8 heures, je me suis réveillé tout d'abord d'excellente humeur, avant même d'avoir bu mes deux bols de café noir (1/4 de litre chacun), complété par du muesli arrosé d'un jus de pamplemousse pressé.

Déjà là, on était pas loin du miracle, car habituellement, j'ai le réveil comateux avec les paupières gonflées, le cheveu rebelle et électrique et l'haleine sauvage digne d'un castor du Grand Nord. Je vous passerais les détails du rituel de la douche où je me suis surpris moi même à chanter "Singing in the rain" tout en éclaboussant abondamment la faïence de la salle de bains, étant définitivement fâché avec les rideaux de douche qui me rendent claustrophobe (déjà que j'ai la réputation d'être un peu dérangé alors inutile d'aggraver les symptômes).

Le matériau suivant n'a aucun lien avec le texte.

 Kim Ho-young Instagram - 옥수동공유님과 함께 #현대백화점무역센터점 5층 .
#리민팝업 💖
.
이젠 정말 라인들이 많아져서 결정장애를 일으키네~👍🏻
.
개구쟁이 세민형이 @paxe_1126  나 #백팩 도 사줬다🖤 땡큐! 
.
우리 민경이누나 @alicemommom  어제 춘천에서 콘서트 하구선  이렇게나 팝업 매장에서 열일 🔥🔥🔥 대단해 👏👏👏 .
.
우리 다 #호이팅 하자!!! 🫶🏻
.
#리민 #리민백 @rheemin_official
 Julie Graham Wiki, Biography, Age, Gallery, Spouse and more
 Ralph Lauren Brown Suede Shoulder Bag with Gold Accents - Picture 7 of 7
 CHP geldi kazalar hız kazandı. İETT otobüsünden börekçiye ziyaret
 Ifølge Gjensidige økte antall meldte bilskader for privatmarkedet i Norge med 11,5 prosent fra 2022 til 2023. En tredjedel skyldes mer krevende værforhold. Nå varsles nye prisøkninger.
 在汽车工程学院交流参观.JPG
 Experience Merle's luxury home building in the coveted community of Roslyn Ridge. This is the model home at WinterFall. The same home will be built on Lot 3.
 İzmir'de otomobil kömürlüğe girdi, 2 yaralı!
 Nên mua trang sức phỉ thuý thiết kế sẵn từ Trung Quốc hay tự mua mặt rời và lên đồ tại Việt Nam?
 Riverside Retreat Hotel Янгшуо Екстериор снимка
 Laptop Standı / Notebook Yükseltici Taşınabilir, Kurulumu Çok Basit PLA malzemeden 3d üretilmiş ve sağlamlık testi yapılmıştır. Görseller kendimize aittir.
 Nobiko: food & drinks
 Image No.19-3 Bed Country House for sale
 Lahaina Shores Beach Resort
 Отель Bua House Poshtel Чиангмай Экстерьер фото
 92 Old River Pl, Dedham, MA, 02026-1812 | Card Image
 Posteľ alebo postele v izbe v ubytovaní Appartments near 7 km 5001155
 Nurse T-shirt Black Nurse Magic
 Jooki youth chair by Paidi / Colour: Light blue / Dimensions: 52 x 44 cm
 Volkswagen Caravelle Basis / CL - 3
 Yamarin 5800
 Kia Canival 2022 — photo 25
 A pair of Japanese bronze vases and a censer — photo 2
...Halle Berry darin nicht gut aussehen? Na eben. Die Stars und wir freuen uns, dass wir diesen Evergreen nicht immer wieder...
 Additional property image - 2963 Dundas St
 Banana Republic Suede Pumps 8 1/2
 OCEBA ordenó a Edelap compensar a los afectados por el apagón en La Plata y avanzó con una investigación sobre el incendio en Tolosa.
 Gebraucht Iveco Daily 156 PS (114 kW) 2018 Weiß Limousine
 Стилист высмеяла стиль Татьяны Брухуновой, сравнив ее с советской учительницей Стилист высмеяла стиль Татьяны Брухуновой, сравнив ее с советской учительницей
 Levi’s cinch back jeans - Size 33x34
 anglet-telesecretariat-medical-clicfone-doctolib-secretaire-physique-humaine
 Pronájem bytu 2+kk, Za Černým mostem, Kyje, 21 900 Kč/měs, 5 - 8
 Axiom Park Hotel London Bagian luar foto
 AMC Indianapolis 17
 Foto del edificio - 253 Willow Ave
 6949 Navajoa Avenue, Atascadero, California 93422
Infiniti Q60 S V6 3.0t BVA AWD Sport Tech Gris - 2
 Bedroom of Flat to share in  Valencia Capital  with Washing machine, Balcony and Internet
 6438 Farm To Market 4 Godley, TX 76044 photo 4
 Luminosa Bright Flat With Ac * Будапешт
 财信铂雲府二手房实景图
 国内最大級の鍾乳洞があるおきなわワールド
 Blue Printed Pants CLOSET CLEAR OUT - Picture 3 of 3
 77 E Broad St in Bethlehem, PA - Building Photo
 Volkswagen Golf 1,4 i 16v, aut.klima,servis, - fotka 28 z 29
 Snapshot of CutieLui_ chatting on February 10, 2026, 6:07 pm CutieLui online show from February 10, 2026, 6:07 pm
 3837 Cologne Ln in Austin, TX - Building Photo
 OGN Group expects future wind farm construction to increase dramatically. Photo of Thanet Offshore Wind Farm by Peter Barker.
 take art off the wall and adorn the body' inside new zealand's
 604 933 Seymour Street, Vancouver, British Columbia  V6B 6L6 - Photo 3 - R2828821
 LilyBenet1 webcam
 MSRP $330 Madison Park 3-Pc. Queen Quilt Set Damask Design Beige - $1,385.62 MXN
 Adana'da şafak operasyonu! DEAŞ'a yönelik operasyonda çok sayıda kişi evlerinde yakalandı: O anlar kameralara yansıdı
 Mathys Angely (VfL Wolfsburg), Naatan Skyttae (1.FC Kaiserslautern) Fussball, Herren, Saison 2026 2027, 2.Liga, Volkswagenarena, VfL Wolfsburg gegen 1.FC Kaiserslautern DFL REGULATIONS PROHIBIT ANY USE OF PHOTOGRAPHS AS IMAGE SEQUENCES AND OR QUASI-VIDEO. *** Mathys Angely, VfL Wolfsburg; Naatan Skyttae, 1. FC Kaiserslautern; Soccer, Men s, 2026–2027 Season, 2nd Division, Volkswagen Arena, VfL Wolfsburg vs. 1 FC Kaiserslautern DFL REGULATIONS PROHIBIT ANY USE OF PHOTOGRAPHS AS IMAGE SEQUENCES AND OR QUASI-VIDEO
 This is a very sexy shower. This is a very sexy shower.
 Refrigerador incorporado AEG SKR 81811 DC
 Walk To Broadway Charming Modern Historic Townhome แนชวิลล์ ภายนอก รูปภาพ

Un bonheur n'arrivant jamais seul en allant chercher le courrier, que j'avais oublié de prendre dans ma boîte aux lettres la veille, je tombe nez à nez dans le hall avec une créature brune (ouiiii une fille !) totalement inconnue, qui me lance avec une oeillade coquine un sympathique "bonne journée", avant de gravir l'escalier en un subtil déhanchement insolent, et j'ai failli retourner à la maison prendre une deuxième douche. Oui, inutile de m'accabler un peu plus, je sais bien que je suis un être lubrique totalement zobsédé par le sexe et en plus je n'éteins même pas la lumière ! Le jeudi étant le jour ou je ne travaille pas, en fait le seul de la semaine, je franchis, allegro ma no troppo, la porte d'entrée, bien décidé à profiter de cette matinée lumineuse et ensoleillée pour aller manger sur le port un sorbet aux fruits à la Grand Rive (oui en plus je suis un morfale impénitent) qui est habituellement ma cantine du midi, quand mon frigo n'a pas eu la judicieuse idée de se remplir tout seul. Cet établissement, bientôt cinquantenaire, a l'immense avantage d'une certaine complaisance à mon égard, et des quelques soirées débridées où j'ai parfois cru bon de déclamer d'obscurs poèmes de mon cru, sous l'effet des redoutables Irish Coffees, dont je regrette, en général le lendemain, la quantité indéterminée que j'ai pu ingurgiter. À ma décharge, malgré ces rares moments d'égarements nocturnes, le personnel m'aime bien. Peut-être, parce que de toute façon, quoiqu'il arrive je reste courtois et que je tire la chasse d'eau après avoir vomi proprement dans les toilettes.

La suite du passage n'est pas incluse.